5 Ways to Support the Early-Career Marketer You Hired Before They Were Ready
“Good judgment comes from experience, and experience comes from bad judgment.”
- Rita Mae Brown
Ferrari, by Alain Lévesque (1956-)
Imagine you've always dreamed of owning a Ferrari, driving coastal roads like James Bond. Then you check your bank account and buy a five-year-old Camry that needs work just to get you to the grocery store. Not your dream, but your reality. That’s okay. But if you expect that Camry to perform like a Ferrari, you're going to be constantly disappointed. And if your reaction is to blame the car rather than acknowledge what you could afford, you're not being fair to the Camry.
Nonprofit arts organizations, especially in our current funding crisis, constantly have to balance what they want with what they can afford. In a perfect world, we’d be able to pay all of our staffs what they deserve for the work they do. If the whole staff is not a reality, strategically investing in senior roles that position us for financial stability, like marketing and development, would be ideal.
If you can only afford an early-career marketing coordinator and expect them to perform like a seasoned professional, you're expecting your Camry to be a Ferrari.
The early-career hire reflects what was possible. What happens next reflects your leadership. A strong leader offers as much support as possible to help them grow and succeed.
Here are five ways you can support your early-career marketing staff:
Be honest about the gap, and make it safe for them to be honest too
In my experience, early-career professionals are determined to handle whatever you throw their way, even when asking for guidance would serve them better. Be clear with your employee that you understand they are early in their career, and that you expect there to be a steep learning curve. Commit to either being there to support them or getting them the support they need to learn new things.
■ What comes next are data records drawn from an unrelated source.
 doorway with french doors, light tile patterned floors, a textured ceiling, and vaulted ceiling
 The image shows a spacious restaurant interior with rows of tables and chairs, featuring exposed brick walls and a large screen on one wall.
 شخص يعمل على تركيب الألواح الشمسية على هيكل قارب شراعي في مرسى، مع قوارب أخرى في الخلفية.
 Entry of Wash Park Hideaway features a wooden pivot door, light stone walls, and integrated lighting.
Let them know that recognizing when you need help and asking for it is something you'll evaluate as a strength, not a weakness.
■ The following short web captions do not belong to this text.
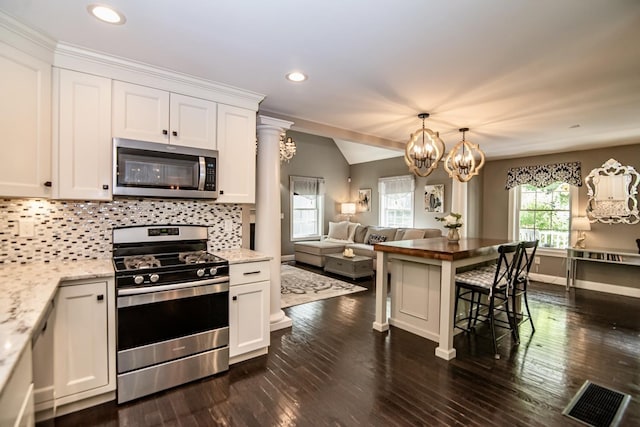4 Crossman Cir, Newton, NH 03858 - kitchen with stainless steel appliances, white cabinets, decorative backsplash, a chandelier, and open floor plan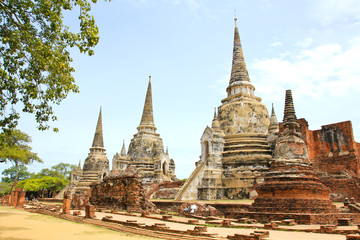 Fototapeta na wymiar Ancient Buddhist pagoda ruins at Wat Phra Sri Sanphet temple.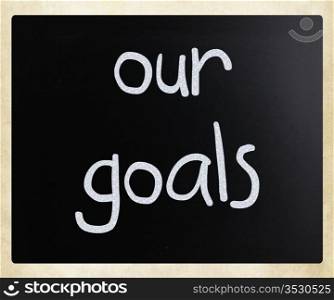 ""Our goals" handwritten with white chalk on a blackboard."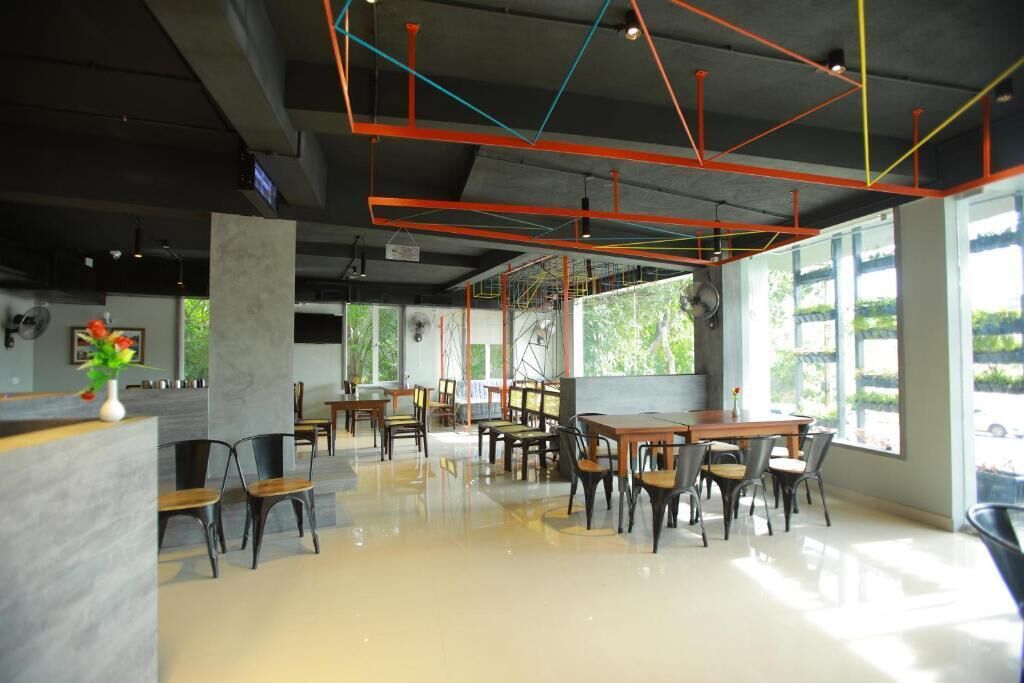 A modern interior with a central dining area, multiple tables, and chairs, surrounded by large windows.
Define what success looks like
Remember, your early-career marketing leader can’t hit a moving target. Work with them to establish clear expectations, priorities, and goals. Check in regularly to see how they are doing relative to your expectations. Catching something before it becomes a problem will help you both feel like they aren’t failing. Blaming someone for what they don’t know how to do isn't a performance issue. It's a support issue.
Bring them into the room
Experience isn't just doing, it's witnessing. Regardless of their title, if you are putting them in charge of all of the department’s work, they are a department leader. Bringing them into senior level meetings, or even Board meetings when appropriate, shows them that you consider them a leader, and allows them to observe how various leaders across the organization collaborate, debate, and solve problems. Plus, your marketing team (or person) needs to understand the priorities and actions of all of the other departments in order to support them. A summary is never the same as being there, and in a busy organization, even the summary can get lost before it finds its way to the right person.
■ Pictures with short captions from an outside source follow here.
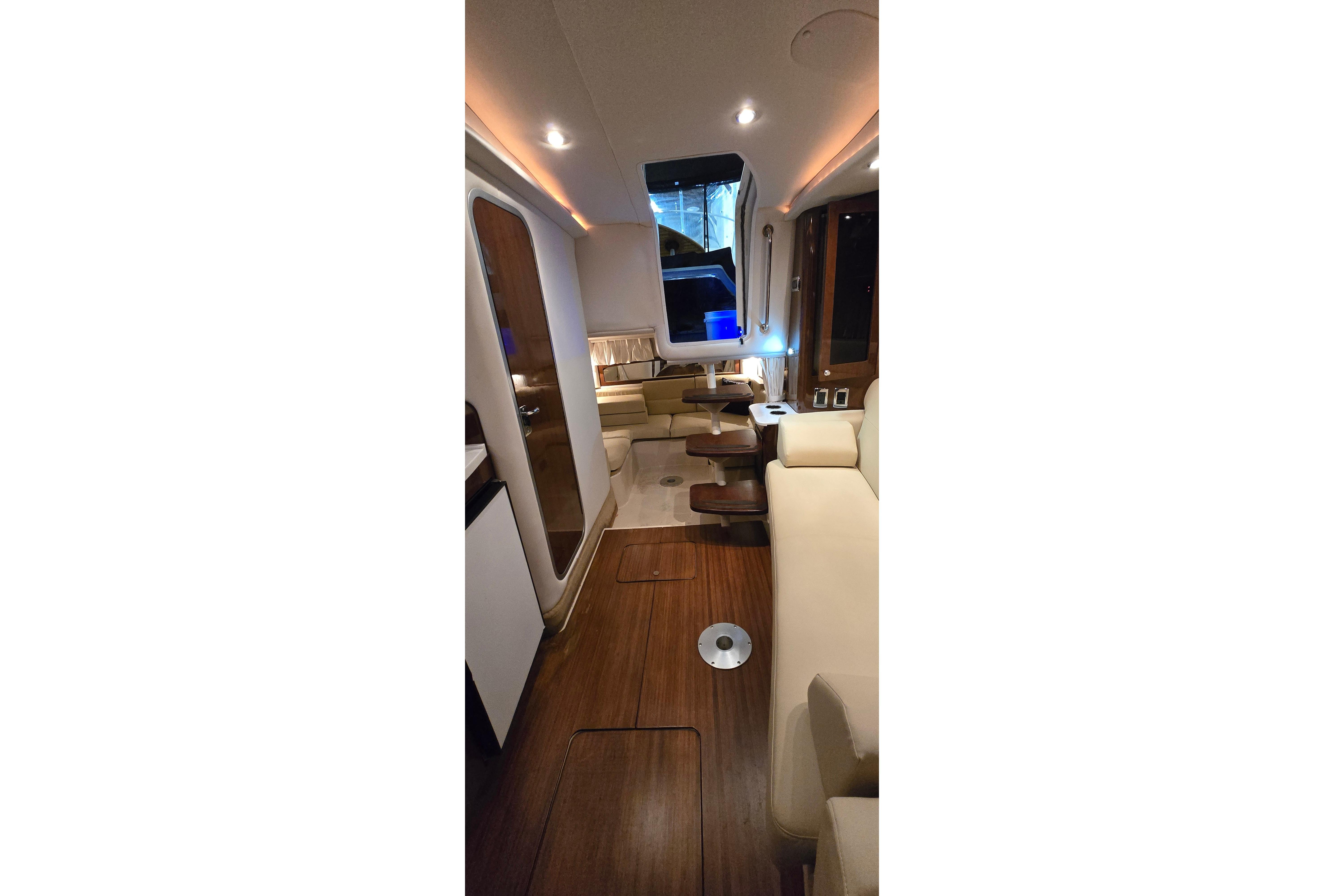 Interior of 2018 Four Winns V355 yacht with elegant seating and modern design.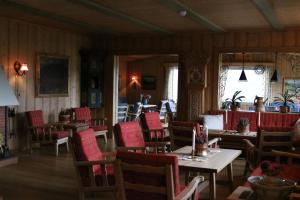 a dining room with red chairs and tables and a room with at Øigardseter Fjellstue in Høvringen
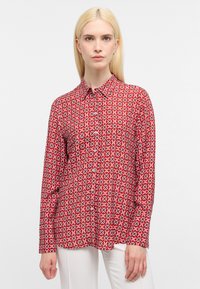 Rotes Langarmhemd mit einem geometrischen weißen Muster, mit Kragen und Knopfleiste. Kombiniert mit weißen Hosen.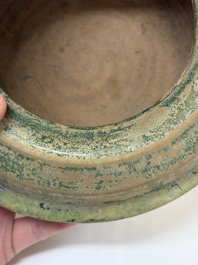 A Chinese green-glazed pottery ritual tripod food vessel with handles, 'Ding 鼎', Han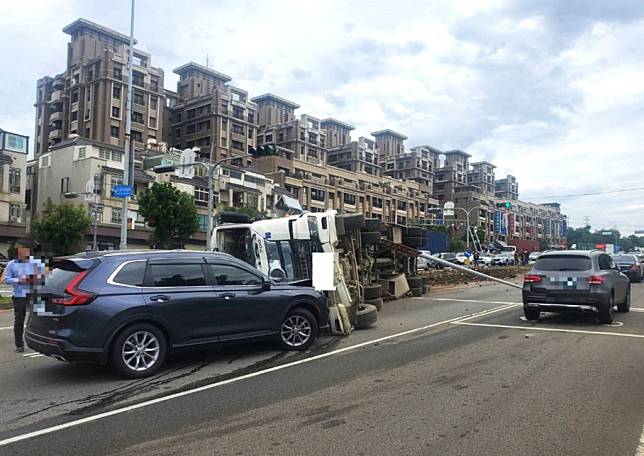 一輛大貨車昨日行駛沙鹿區向上路長下坡路段，疑煞車失靈連續撞擊四輛車後翻覆，造成三人受傷送醫。（記者陳金龍攝）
Every show needs rehearsal. So does someone growing into the job.
Directors don’t come in on the first day of rehearsal expecting their actors to be ready for opening night. It takes time, repetition, instruction, and collaboration. And most of all, it takes the ability to take risks and fail. Trying things that don’t work always leads to the magic. So, don’t expect a staff member with little experience to come in and have the secret sauce on day one. Getting good at any skill requires the opportunity to fail and learn from mistakes. If you expect perfection from the start, they'll play it safe every time, and safe is rarely effective.
Get them the support they need
The experience gap won't close on its own. And, contrary to what many believe, marketing is more than knowing how to post on Facebook. There are best practices, specific skills, ridiculous acronyms, and media reps from every garbage outlet waiting to prey on the vulnerability of fresh blood. If you have the right experience and the time to be their mentor, great. But, if you have that kind of time, you should probably focus on building earned and contributed revenue to a point where you are able to pay for senior level hires. Even a modest investment in professional development goes a long way: a good conference, a continuing education program, or online courses can all make a difference. There are free approaches as well, including peer networks, mentorship programs, or even something as simple as finding someone at another organization in marketing with relevant experience to be a resource.
Hiring a coach with specific experience with the skills your hire needs to develop is one of the best ways to tackle the urgent challenges at hand, accelerate the closing of the experience gap, and invest in the leaders who will take your important work into the future.